On Parallelism and Concurrency

Ron Pressler on November 30, 2021

A little over a week ago, we asked the Java user community for feedback on a new construct for structured concurrency we unveiled as part of Project Loom. It is intended to both make writing correct and efficient concurrent code easier to write, as well as make it easier for tools, like the new new hierarchical thread dump mechanism, to observe a concurrent program.

When we design a new construct, we try to start with a well-defined problem, which we describe in the motivation section of the JEP. Pinpointing the problem is the most important, and often the hardest part of the process. Accordingly, useful feedback takes the form of identifying problems with the proposed solution: either the solution doesn’t quite address the original problem, or perhaps it introduces another.

But there is another kind of feedback that is helpful, albeit implicitly: people’s responses can indicate that the problem we want to solve is itself not clear. In this case, there might be a fundamental difficulty in understsanding the problem, and it’s not a new one: the confusion between concurrency and parallelism.

Parallelism vs. Concurrency

The confusion is understandable and certainly isn’t unique to Java. For one, both concurrency and parallelism involve doing multiple things at the same time. For another, threads, which are often employed for both concurrency and parallelism, serve two different roles that are difficult to disentangle, one is more pertinent for parallelism, and the other for concurrency.

I will attempt to first define the two concepts and then try to to bring them together, into a single unifying framework that will help, I hope, see why they require different solutions. The definitions we’ll use might not be universal, but they conform to the ACM’s curriculum guidelines.

Parallelism is the problem of doing a single job — say, inverting a matrix or sorting a list — faster by employing multiple processing units. This is done by breaking up the job into multiple cooperating subtasks, different subsets of which running on a different core. Concurrency, in contrast, is the problem of scheduling some computational resources to a set of largely independent tasks that compete over those resources. The main performance measure we care about when we speak of concurrency isn’t the duration (latency) of any single task, but throughput — the number of tasks we can process per time-unit.

Unlike in the case of parallelism, where the cooperating sub-tasks are created by the parallel algorithm itself, the competing tasks in concurrency originate externally, and are part of the problem, not the solution. In other words, the reason we have multiple tasks in parallelism is because we want to do some job faster; the reason we have multiple tasks in concurrency is because handling multiple tasks is the job. The canonical example of a concurrent program is a server that serves requests arriving over the wire.

Once we learn these definitions, and that Loom’s virtual threads are intended for concurrency while parallel streams are for parallelism, we’re done: we use parallel streams when we need to sort a very large list, and we use virtual threads when we write a server.

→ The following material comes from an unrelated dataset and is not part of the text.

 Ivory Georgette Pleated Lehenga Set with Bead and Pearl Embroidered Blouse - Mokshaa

But in this post I’d like to go deeper. These two problem statements are so different — I once compared parallelism to a school of piranhas devouring large prey and concurrency to cars traveling the streets of a city — that it’s almost a wonder anyone could confuse them. That we do confuse them indicates some similarity that, rather than dismiss, we’ll try to embrace.

A Common Framework

Let’s ignore the origin of the tasks or their purpose, and whether they’re cooperating or competing. If we focus only on the mechanism, we find that in both situations, for whatever reason, we want to work on some number of tasks at the same time. At this point we can allow ourselves some confusion and ask, why would we need different mechanisms for the two problems? To answer that, we will now re-introduce the requirements in both situations, and the means we have at our disposal to meet them.

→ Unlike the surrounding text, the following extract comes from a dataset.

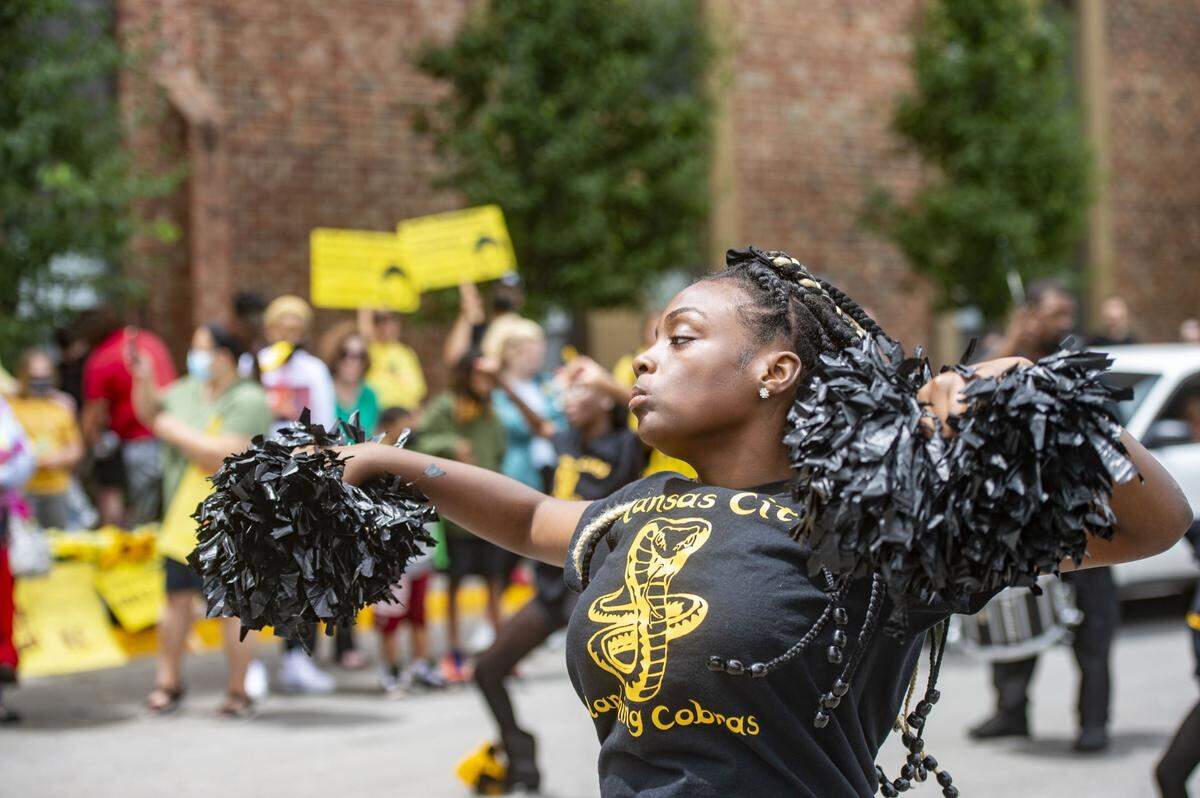 A member of the Kansas City Marching Cobras dances before the a KC Tenants begins outside the Gabriel Tower Apartments in 2021.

Let’s begin with parallelism: We want to do multiple things at once to finish a job faster. How is that possible? If the task we need perform could be carried out with a device that can make progress on the task at some constant rate, and we had multiple such resources, we could split up our work into multiple tasks, and assign different subsets of those tasks to one of the resources. Problems of the kind mentioned before — sorting a large list or inverting a large matrix — can be performed by such resources we have at our disposal: processing cores. The parallel algorithm will split up the work into subtasks (that coordinate with each other in some efficient way) and divide them among our processing cores.

While the OS kernel has direct control over CPU cores, it does not expose CPU allocation directly to userspace programs. Instead, it offers a construct to indirectly — and only approximately — control CPU allocation: threads. Assuming no other processes are running on the same machine, if the number of threads is less than or equal to the number of cores, we expect the OS to assign each to a different core. Because this kind of parallel problem uses threads as a proxy for processing units, the number of threads we need to do the work faster is independent of its size. If we have ten cores, a parallel computation would optimally use ten threads whether the list it needs to sort has a million elements or a billion.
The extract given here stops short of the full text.